_ACTION ITEM_.
Below are some entries; set them all down exactly.

[TASK INPUT Boundary: Start]

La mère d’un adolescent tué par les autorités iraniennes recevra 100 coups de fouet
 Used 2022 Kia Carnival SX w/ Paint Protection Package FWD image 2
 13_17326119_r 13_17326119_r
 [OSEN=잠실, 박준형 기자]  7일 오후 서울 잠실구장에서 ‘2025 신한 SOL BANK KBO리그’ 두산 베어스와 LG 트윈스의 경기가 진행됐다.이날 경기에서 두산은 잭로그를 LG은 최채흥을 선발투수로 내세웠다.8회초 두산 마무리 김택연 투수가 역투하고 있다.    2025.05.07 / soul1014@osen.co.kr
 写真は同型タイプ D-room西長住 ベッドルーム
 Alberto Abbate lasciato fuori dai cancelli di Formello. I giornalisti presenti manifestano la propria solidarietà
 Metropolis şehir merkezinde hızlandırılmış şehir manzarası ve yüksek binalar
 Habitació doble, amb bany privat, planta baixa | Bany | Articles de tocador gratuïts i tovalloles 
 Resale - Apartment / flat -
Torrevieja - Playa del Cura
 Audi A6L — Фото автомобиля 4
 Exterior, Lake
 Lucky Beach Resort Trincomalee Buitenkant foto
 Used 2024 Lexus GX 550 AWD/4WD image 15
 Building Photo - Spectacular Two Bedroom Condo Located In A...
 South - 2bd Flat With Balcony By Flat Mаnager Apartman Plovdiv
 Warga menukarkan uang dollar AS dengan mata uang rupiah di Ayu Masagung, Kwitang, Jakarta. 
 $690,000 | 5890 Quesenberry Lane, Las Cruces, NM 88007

[TASK INPUT Boundary: End]

_TASK RESULT_.
La mère d’un adolescent tué par les autorités iraniennes recevra 100 coups de fouet
 Used 2022 Kia Carnival SX w/ Paint Protection Package FWD image 2
 13_17326119_r 13_17326119_r
 [OSEN=잠실, 박준형 기자]  7일 오후 서울 잠실구장에서 ‘2025 신한 SOL BANK KBO리그’ 두산 베어스와 LG 트윈스의 경기가 진행됐다.이날 경기에서 두산은 잭로그를 LG은 최채흥을 선발투수로 내세웠다.8회초 두산 마무리 김택연 투수가 역투하고 있다.    2025.05.07 / soul1014@osen.co.kr
 写真は同型タイプ D-room西長住 ベッドルーム
 Alberto Abbate lasciato fuori dai cancelli di Formello. I giornalisti presenti manifestano la propria solidarietà
 Metropolis şehir merkezinde hızlandırılmış şehir manzarası ve yüksek binalar
 Habitació doble, amb bany privat, planta baixa | Bany | Articles de tocador gratuïts i tovalloles 
 Resale - Apartment / flat -
Torrevieja - Playa del Cura
 Audi A6L — Фото автомобиля 4
 Exterior, Lake
 Lucky Beach Resort Trincomalee Buitenkant foto
 Used 2024 Lexus GX 550 AWD/4WD image 15
 Building Photo - Spectacular Two Bedroom Condo Located In A...
 South - 2bd Flat With Balcony By Flat Mаnager Apartman Plovdiv
 Warga menukarkan uang dollar AS dengan mata uang rupiah di Ayu Masagung, Kwitang, Jakarta. 
 $690,000 | 5890 Quesenberry Lane, Las Cruces, NM 88007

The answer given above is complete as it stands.